Friday Exercise: Saving Lines

Posted on 10 July 2009

A saving line is a joke told to rescue a situation where a standup may have forgotten the next bit, messed up a punchline, or a joke has fallen flat with a particular audience (what works one night with one audience, may not
another night with a different audience, and vice versa).

A comedian can either have a set of these to pull out whenever a rough patch occurs, or write specific saving lines for specific jokes.

A general saving line:

  • I think this audience is too short, you keep missing the punchlines.

Specific saving lines:

Joke—How many mice does it take to screw in a lightbulb? Two, but they have to be very little and very horny.

  • Saving line—The Origin Energy guy thought that joke was a hoot, as did the exterminator.
  • Saving line—What? You don’t think screwing is funny? Be married as long as I have and you’ll find it hilarious.

A number of television comedians are exceptionally well known for their saving lines. They often have several tailored saving lines in a row ready to go, each one meant to cap the previous one.

Saving lines also come in several flavours:

  • The one that puts down the joke.
  • The one that puts down your own abilities.
  • The one that teases the audience for not getting it.

Be very careful with making fun of the audience. They can go from disappointed, because they didn’t get a laugh, to hostile because you aren’t respecting the fact that they have invested time and money by coming to your show. You will need to gauge if they are up for a bit of light ribbing—because sometimes they will be.
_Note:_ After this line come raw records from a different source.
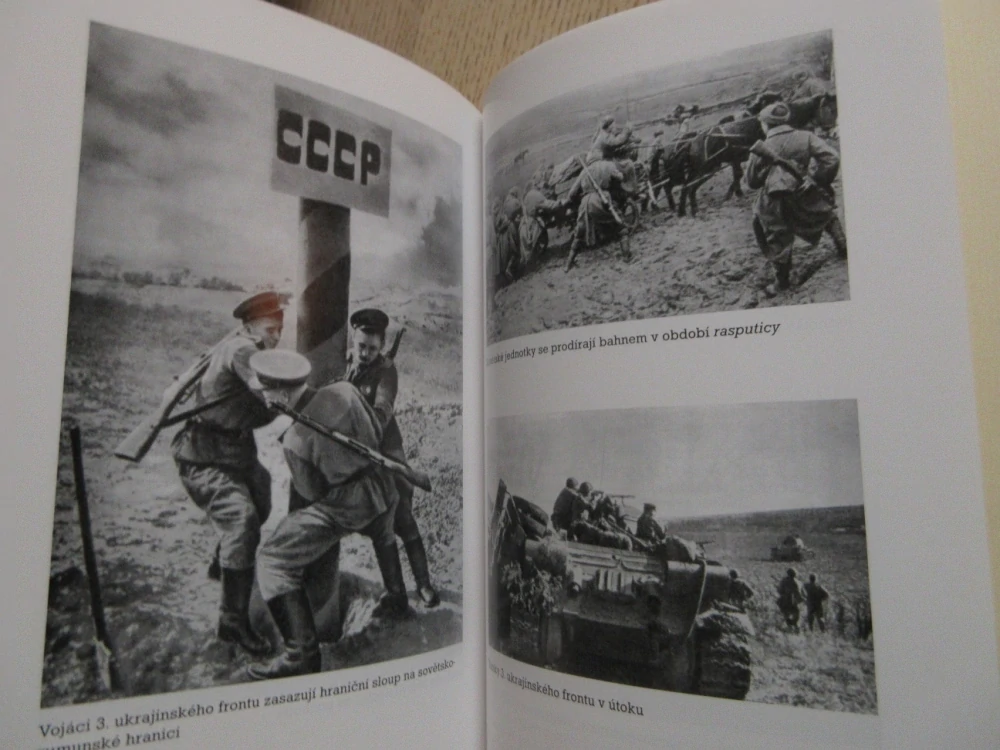 BOUŘE SMĚŘUJE NA BALKÁN, DAVID M. GLANTZ, **an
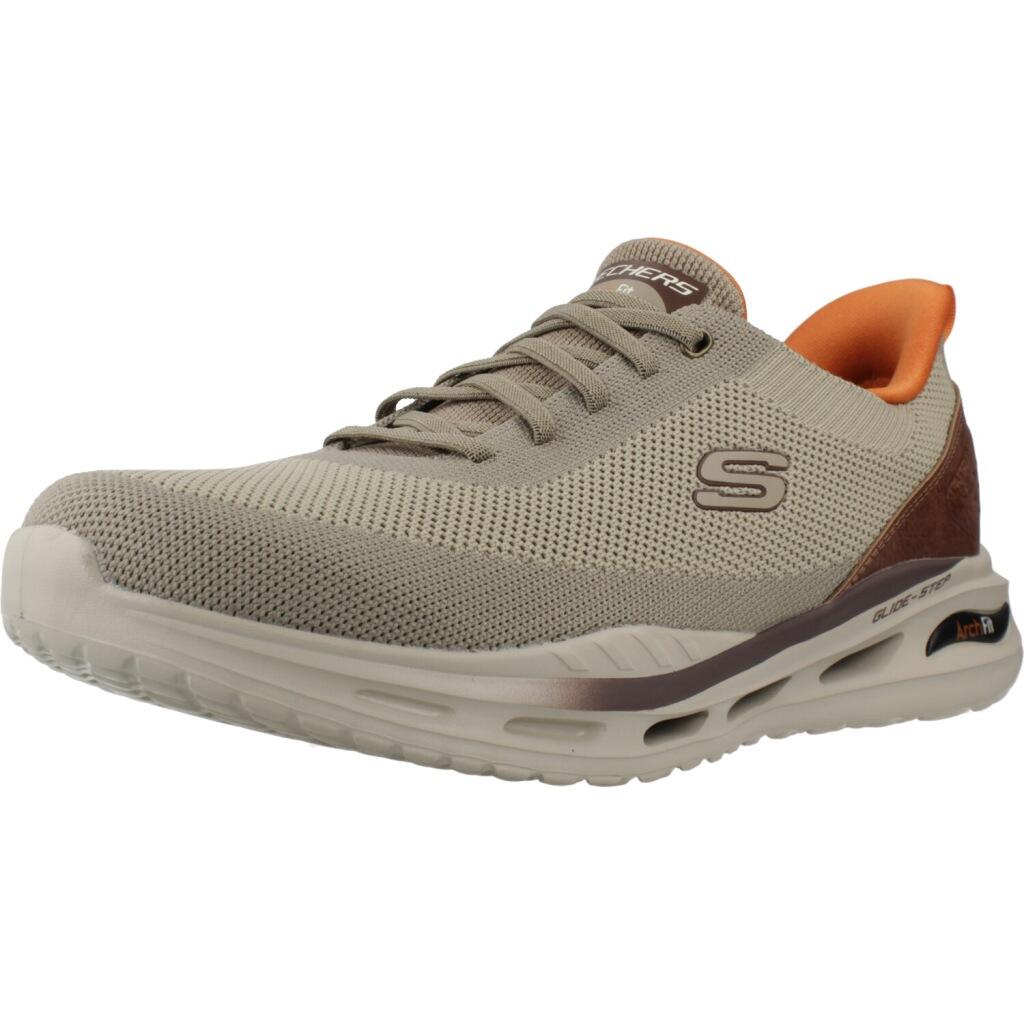 Buty SKECHERS ARCH FIT ORVAN Zielony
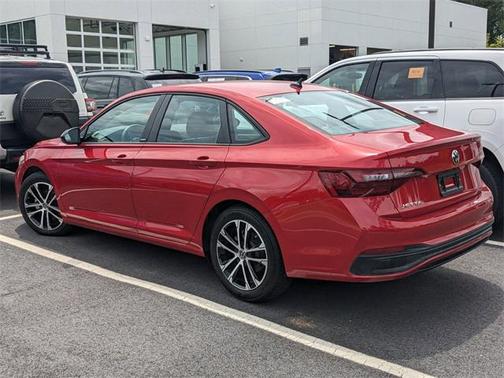 2024 Volkswagen Jetta 1.5T Sport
The advantage of saving lines is that you can turn a situation where people become uncomfortable and potentially embarrassed for you, to one where you are embracing your fallibility and cajoling an audience into laughing over
your shortcomings. People will come to love your humanity and show patience because they know they will be getting more laughs than not. You become one of them, not some figure of perfection.

Exercise: Take one of your jokes and write three savings lines for it. You might try making the first saving line one that puts down the joke, the next one puts down yourself, and the final one teases the audience.